Invalid UTF-8 and dot operator
. does not match invalid UTF-8:
var f: tflre;
x: UTF8String;
ext: TFLREMultiStrings;
begin
x := 'abc';
x[2] := #$e8;
f := TFLRE.Create('.+',[rfUTF8]);
writeln(f.UTF8ExtractAll(x,ext));
writeln(ext[0, 0]);
writeln(length(ext[0, 0]));
end.
That is surprising, after all . is used to match everything
When handling user created files, there can always be some invalid characters or even bit errors
Now I understand the problem. If . could match anything and you have >..<, it could match >ä<, since each . could match one of the bytes of the single character ä.

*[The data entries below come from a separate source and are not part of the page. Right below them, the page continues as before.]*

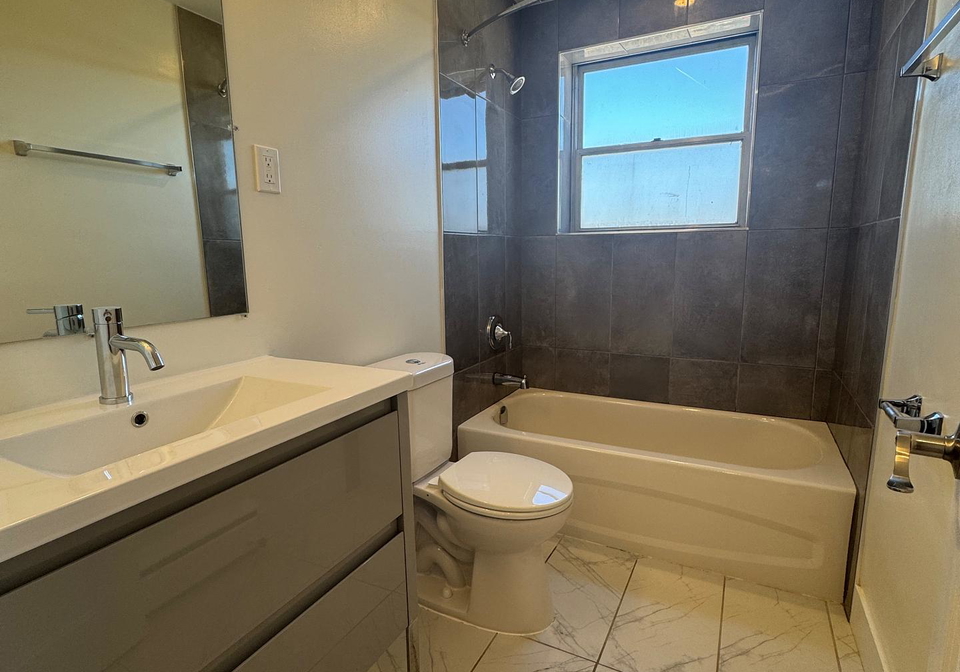 75-high-street-london-south-ontario-x12987472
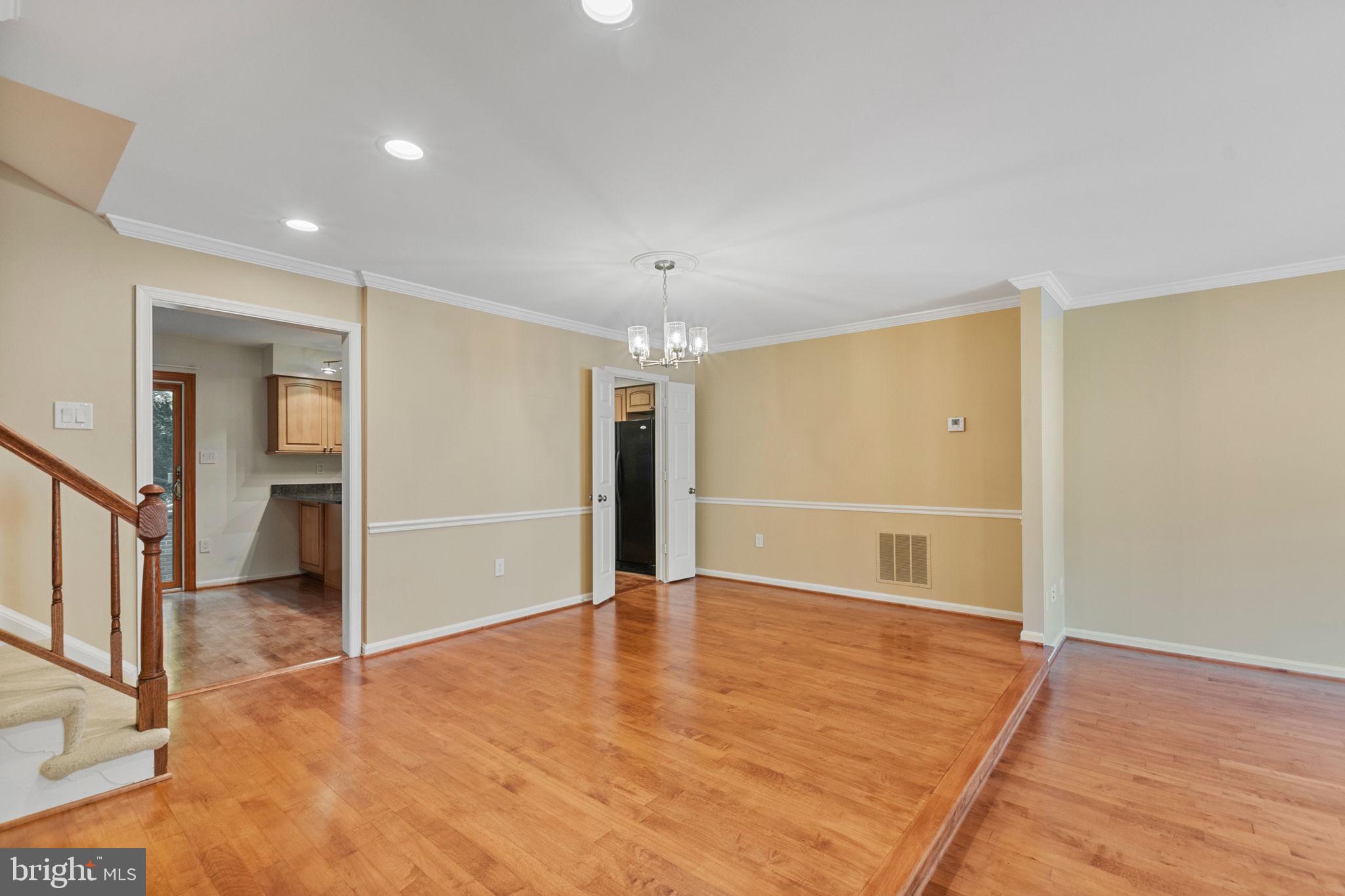 WILLIAMSBURG POND - Residential Lease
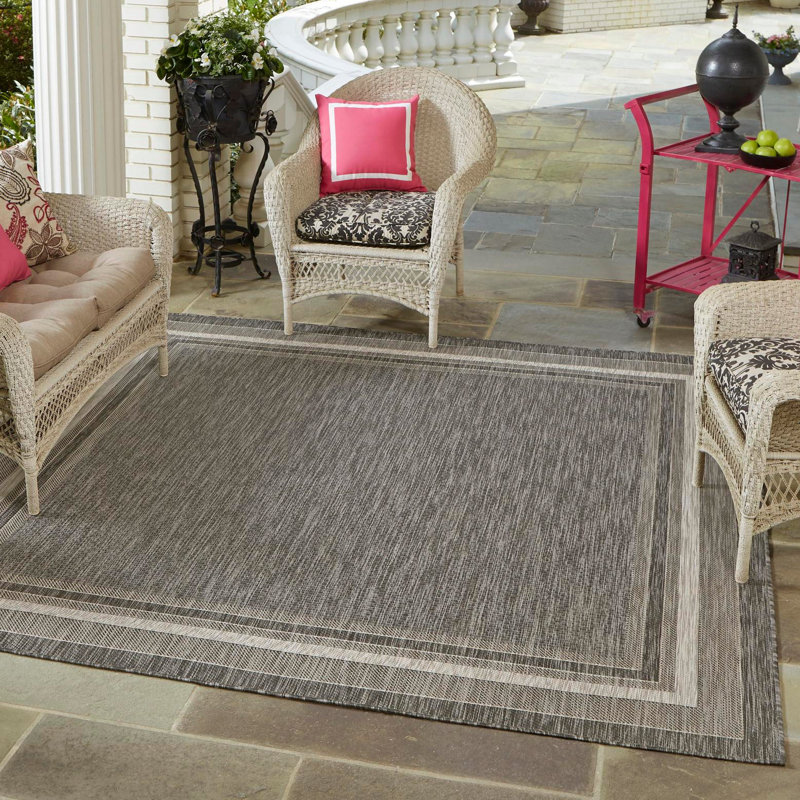 Tapis intérieur / extérieur Sevinc, Carré 7 pi 10 po, Black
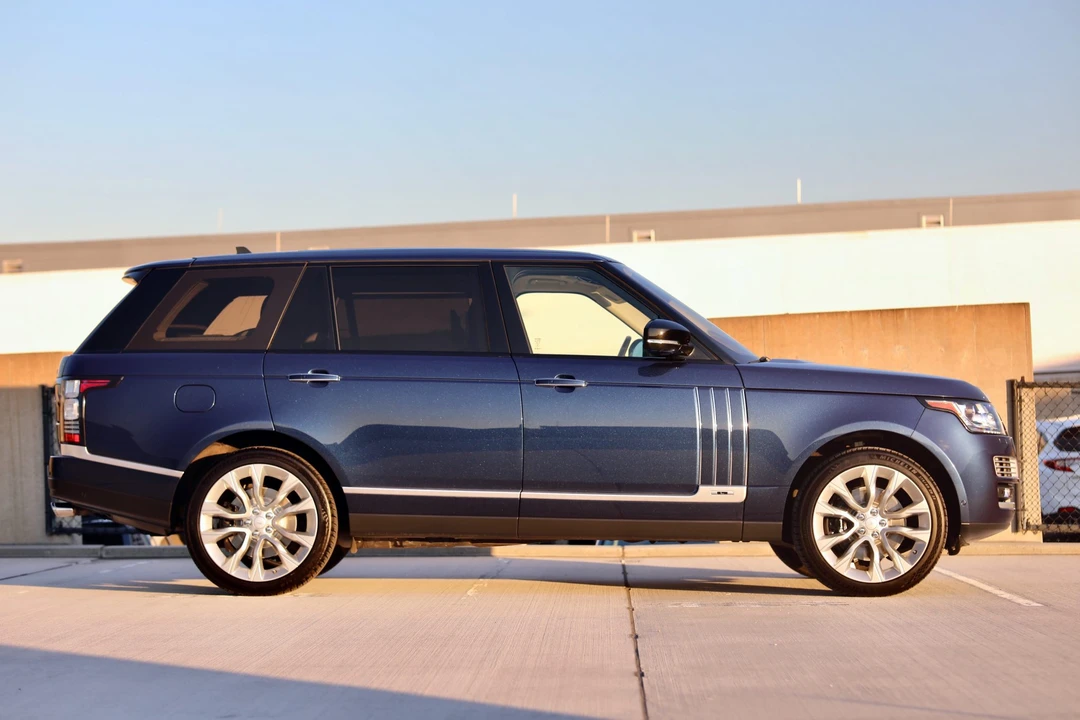2016 Land Rover Range Rover L405 - Image 12 of 31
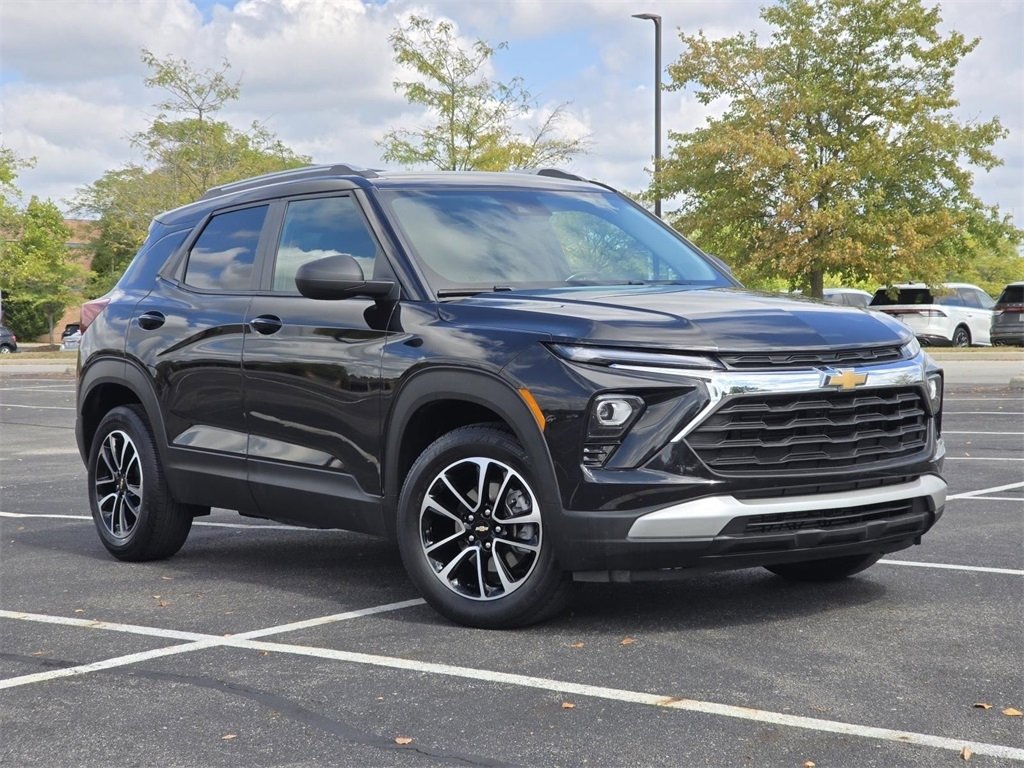 Used 2024 Chevrolet TrailBlazer LT w/ LT Cold Weather Package image 2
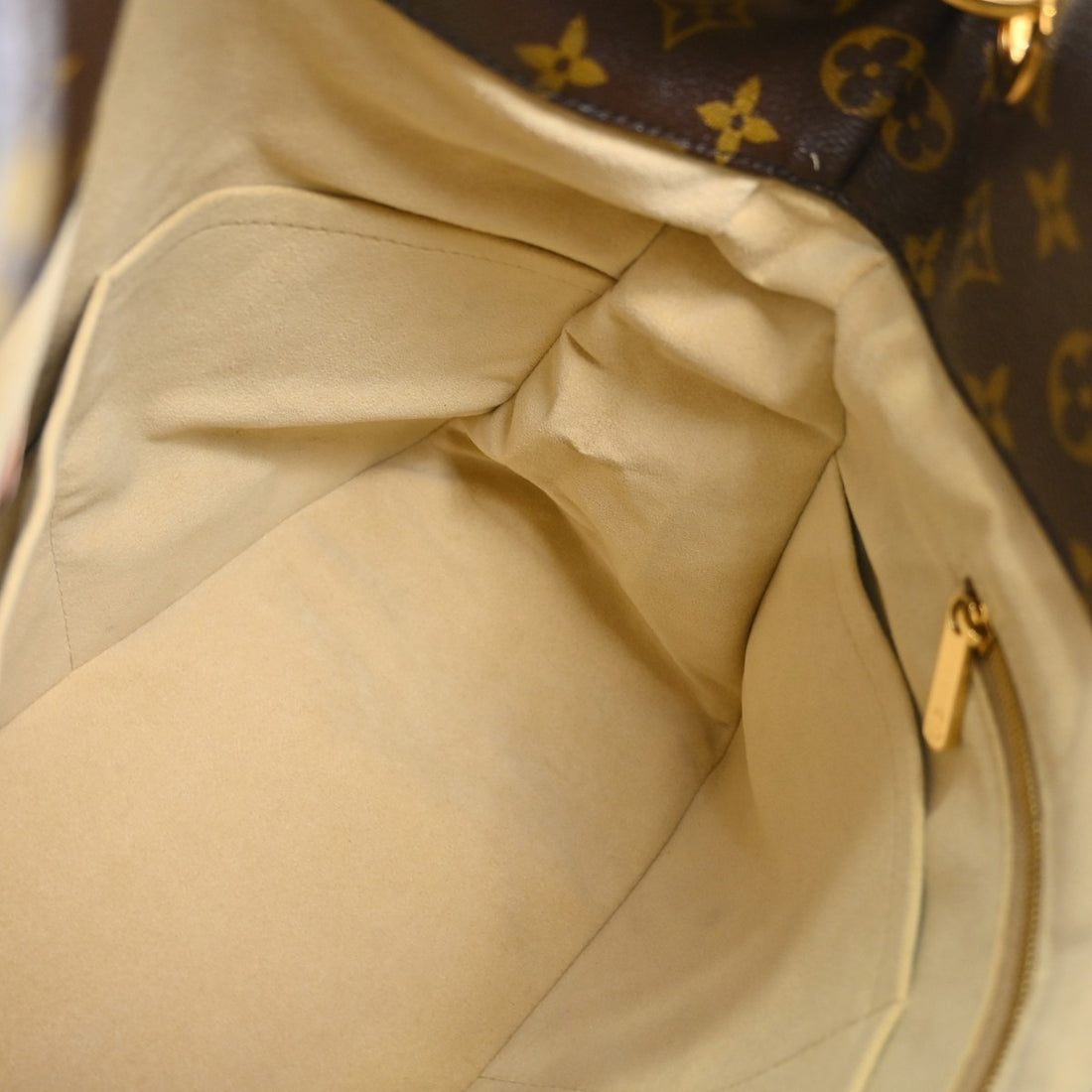 Louis Vuitton Artsy MM in Tela Monogram Vintage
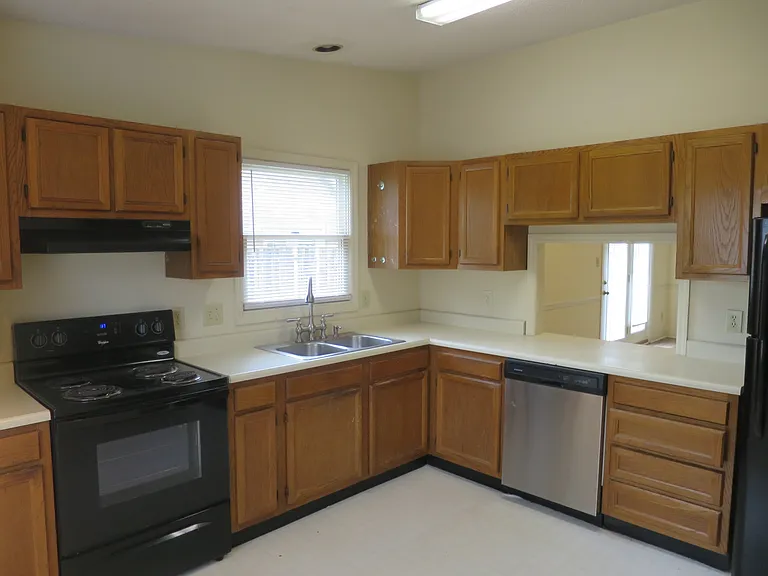441 Eagle Brook Dr — Photo 7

Although, if . would match [ascii/start byte] [non-ascii/start-byte]* it would still work and handle invalid utf-8 as well.
And since the expansion is simpler, it is probably faster, too
FLRE follows here simply the behavior what Google's RE2 (and many other UTF8-capable regex engines) would do here at . in the UTF8 mode. TLDR: In the UTF8 mode is . always codepoint-wise, not codeunit-wise/byte-wise.
But I think, I'll add a extra "all-byte-match" token, which matches always then every byte/codeunit, in the UTF8 and also in the non-UTF8 mode.
But I think, I'll add a extra "all-byte-match" token, which matches always then every byte/codeunit, in the UTF8 and also in the non-UTF8 mode.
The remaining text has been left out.